Par un mémoire en défense, enregistré le 9 septembre 2024, le ministre de l'économie, des finances et de la souveraineté industrielle et numérique conclut au rejet de la requête.
Il fait valoir que :
- les conclusions tendant à la décharge d'impositions pour lesquelles aucun moyen n'est invoqué sont irrecevables ;
- les moyens soulevés par l'EURL Au comptoir de la caisse ne sont pas fondés.
L'EURL Au comptoir de la caisse a produit un mémoire, enregistré le 16 septembre 2024 postérieurement à la clôture de l'instruction, qui n'a pas été communiqué.
II. Par une requête, enregistrée le 22 mai 2024, sous le n° 24LY01460, l'EURL Au comptoir de la caisse, représentée par Me Grau, demande à la cour :
1°) de prononcer, sur le fondement des dispositions de l'article L. 521-1 du code de justice administrative, la suspension du recouvrement des impositions contestées jusqu'à ce qu'il soit statué au fond sur la requête n° 24LY01110 ;
2°) de mettre à la charge de l'Etat la somme de 1 000 euros au titre de l'article L. 761-1 du code de justice administrative.
Elle soutient que :
- il existe un doute sérieux concernant la légalité de l'imposition ;
- la condition d'urgence est caractérisée par l'obligation de payer immédiatement une somme très importante de nature à compromettre tant sa situation financière que sa crédibilité au regard de ses partenaires commerciaux.
Par un mémoire en défense, enregistré le 7 juin 2024, le ministre de l'économie, des finances et de la souveraineté industrielle et numérique conclut au rejet de la requête.
Il fait valoir que la condition d'urgence et celle tenant au doute sérieux quant à la légalité de l'imposition ne sont pas satisfaites.

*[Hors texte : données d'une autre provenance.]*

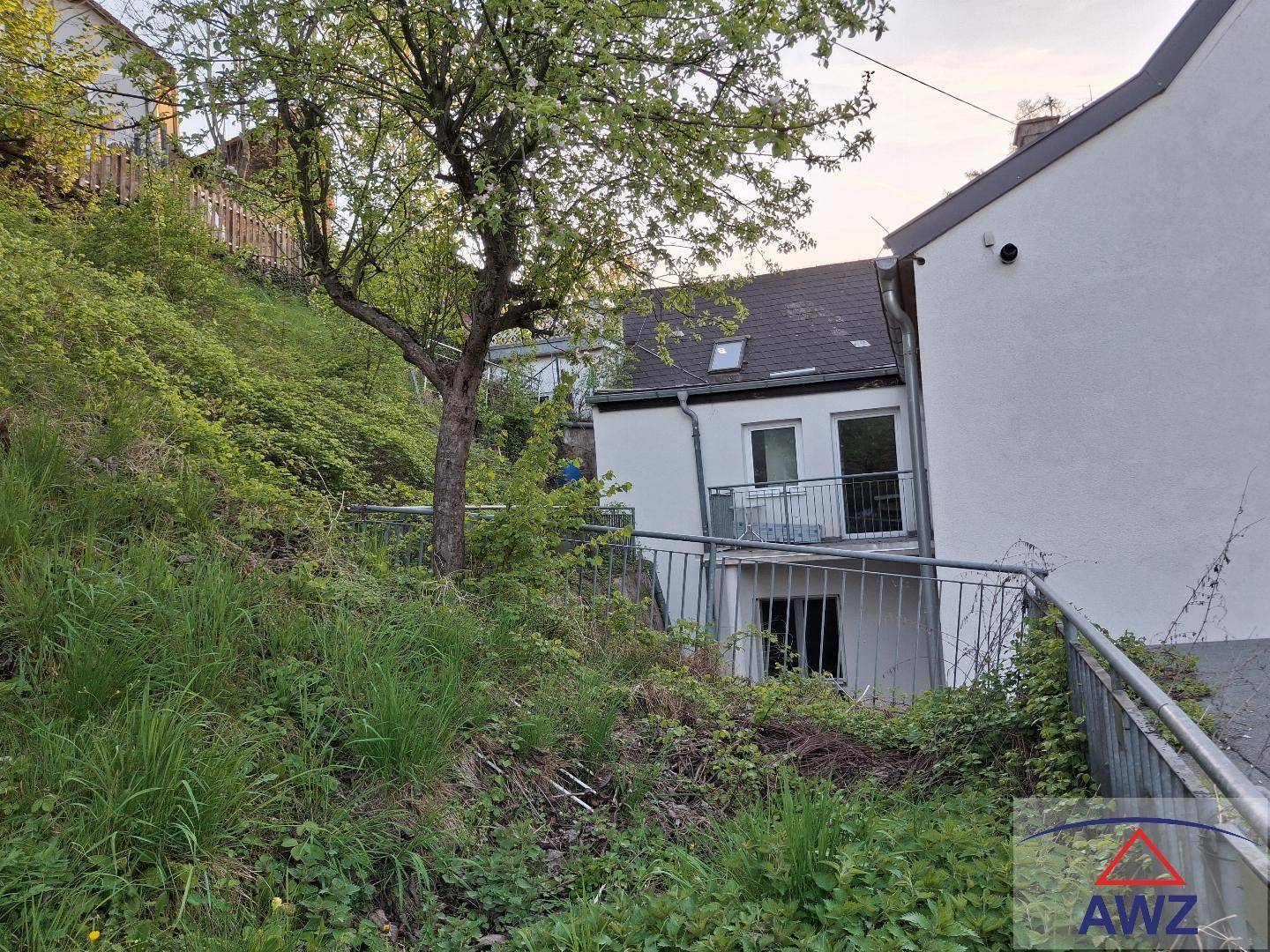 Ansicht des Hauses von der Seite, umgeben von üppigem Grün und einem Hang mit Bäumen.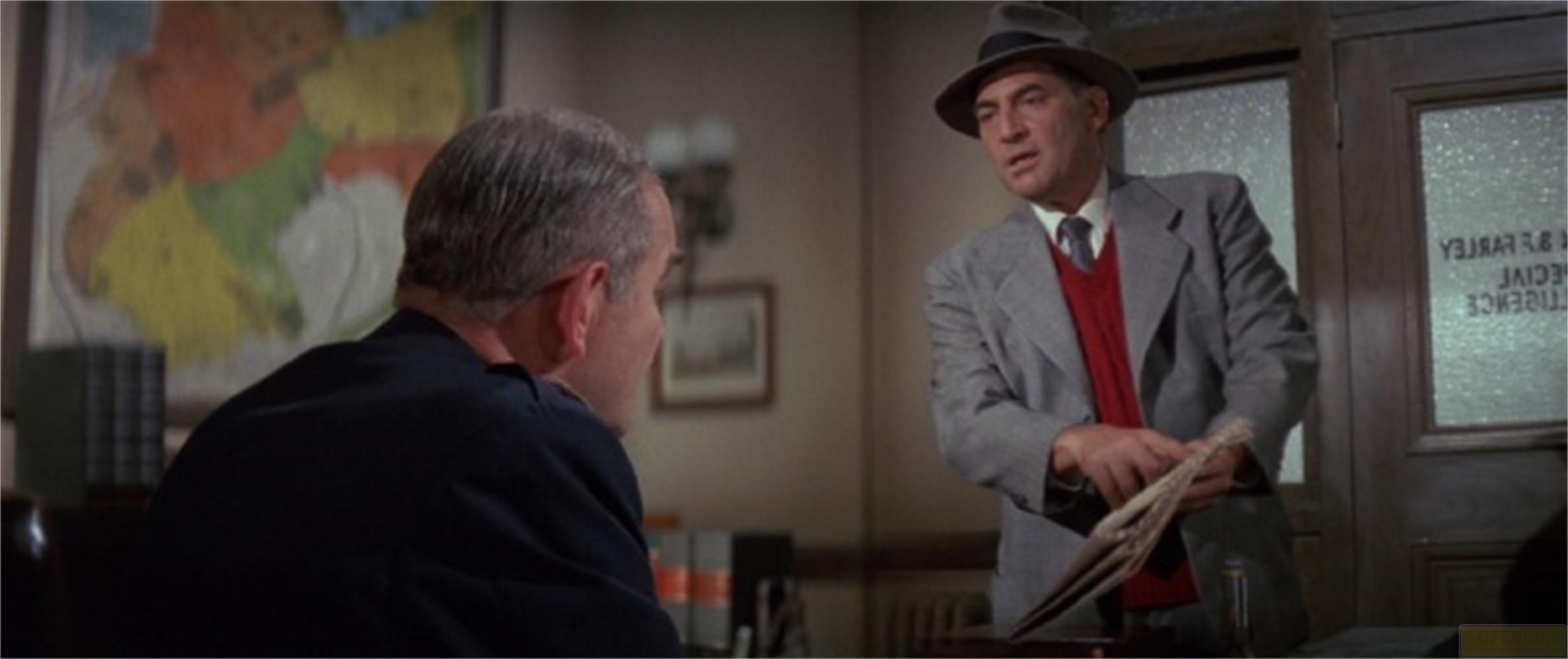 Un homme avec un chapeau parle à un autre homme dans un bureau avec une carte.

Vu les autres pièces des dossiers ;
Vu :
- le code général des impôts et le livre des procédures fiscales ;
- le code de justice administrative ;
Les parties ayant été régulièrement averties du jour de l'audience ;
Après avoir entendu au cours de l'audience publique :
- le rapport de M. Moya, premier conseiller,
- les conclusions de Mme Le Frapper, rapporteure publique,
- et les observations de Me Essayem substituant Me Grau, représentant l'EURL Au comptoir de la caisse ;
Et avoir pris connaissance de la note en délibéré présentée dans l'affaire n° 24LY01110 pour l'EURL Au comptoir de la caisse enregistrée le 24 septembre 2024.
Considérant ce qui suit :
1. L'EURL Au comptoir de la caisse qui exerce une activité d'achat-revente, entretien réparation et maintenance de caisses enregistreuses tactiles et de logiciels de caisse, dont M. A... est gérant et associé unique, a fait l'objet d'une vérification de comptabilité portant sur la période du 1er janvier 2015 au 31 décembre 2017, prolongée jusqu'au 30 avril 2018 en matière de taxe sur la valeur ajoutée. Par une proposition de rectification du 12 décembre 2018, l'administration lui a notifié des cotisations supplémentaires d'impôt sur les sociétés au titre des exercices clos les 31 décembre 2015, 2016 et 2017, ainsi que des rappels de taxe sur la valeur ajoutée mis à sa charge sur la période courant du 1er janvier 2015 au 31 décembre 2017. Ces impositions ont été assorties des pénalités pour manœuvres frauduleuses et pour manquement délibéré, ainsi que de l'amende prévue au I de l'article 1737 du code général des impôts. Par un jugement du 13 février 2024, le tribunal administratif de Lyon a réduit de la somme de 14 694,23 euros la base imposable à l'impôt sur les sociétés au titre de l'exercice clos le 31 décembre 2016, a déchargé la société, d'une part, des cotisations supplémentaires d'impôt sur les sociétés auxquelles elle a été assujettie au titre de cet exercice et des pénalités correspondantes et, d'autre part, de l'amende du I de l'article 1737 du code général des impôts en tant qu'elle a été appliquée aux factures émises par M. F... G... et a rejeté le surplus des conclusions de sa demande. Par la requête n° 24LY01110, l'EURL Au comptoir de la caisse relève appel de ce jugement en tant qu'il n'a pas fait droit à l'intégralité des conclusions de sa demande. Par la requête n° 24LY01460, elle demande la suspension du recouvrement des impositions et pénalités contestées sur le fondement des dispositions de l'article L. 521-1 du code de justice administrative.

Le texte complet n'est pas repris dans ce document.